• ABOUT THIS EXERCISE: All of the records below are to be given again word for word, with the pictures removed.

Annotated photo localization data:
== Segment start ==
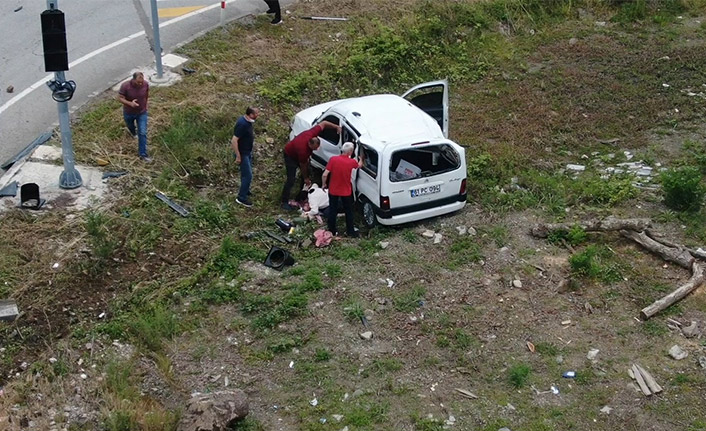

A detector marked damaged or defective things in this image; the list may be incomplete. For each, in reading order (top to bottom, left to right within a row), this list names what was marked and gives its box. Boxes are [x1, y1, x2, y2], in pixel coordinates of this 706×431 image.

crashed vehicle [288, 80, 464, 226]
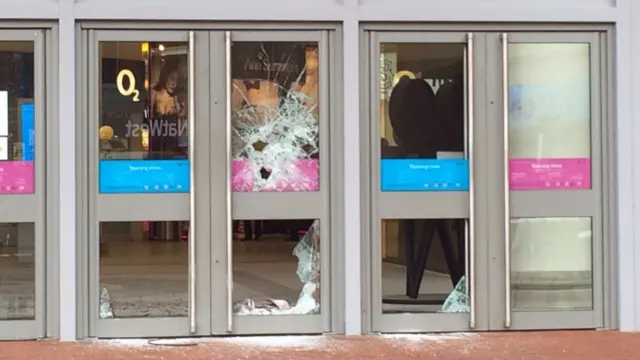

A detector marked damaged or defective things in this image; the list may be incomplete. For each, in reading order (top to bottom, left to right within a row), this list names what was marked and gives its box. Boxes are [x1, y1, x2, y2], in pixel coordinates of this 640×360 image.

shattered glass pane [230, 41, 320, 193]
shattered glass pane [232, 219, 320, 316]
shattered glass pane [440, 276, 470, 312]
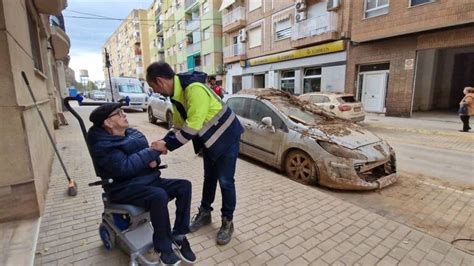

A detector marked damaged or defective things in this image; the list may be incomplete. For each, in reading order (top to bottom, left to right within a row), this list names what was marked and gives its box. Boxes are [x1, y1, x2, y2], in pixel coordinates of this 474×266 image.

damaged vehicle [226, 88, 396, 190]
== Segment end ==
• ANSWER TO THIS TASK:
A detector marked damaged or defective things in this image; the list may be incomplete. For each, in reading order (top to bottom, left to right within a row), this list names what was marked and gives its box. Boxes are [x1, y1, x2, y2], in pixel coordinates of this 706×431 image.

crashed vehicle [288, 80, 464, 226]

A detector marked damaged or defective things in this image; the list may be incomplete. For each, in reading order (top to bottom, left to right within a row), this list names what was marked and gives its box. Boxes are [x1, y1, x2, y2], in pixel coordinates of this 640×360 image.

shattered glass pane [230, 41, 320, 193]
shattered glass pane [232, 219, 320, 316]
shattered glass pane [440, 276, 470, 312]

A detector marked damaged or defective things in this image; the list may be incomplete. For each, in reading order (top to bottom, left to right within a row), this list names what was marked and gives its box. Boxes are [x1, y1, x2, y2], in pixel coordinates of this 474×266 image.

damaged vehicle [226, 88, 396, 190]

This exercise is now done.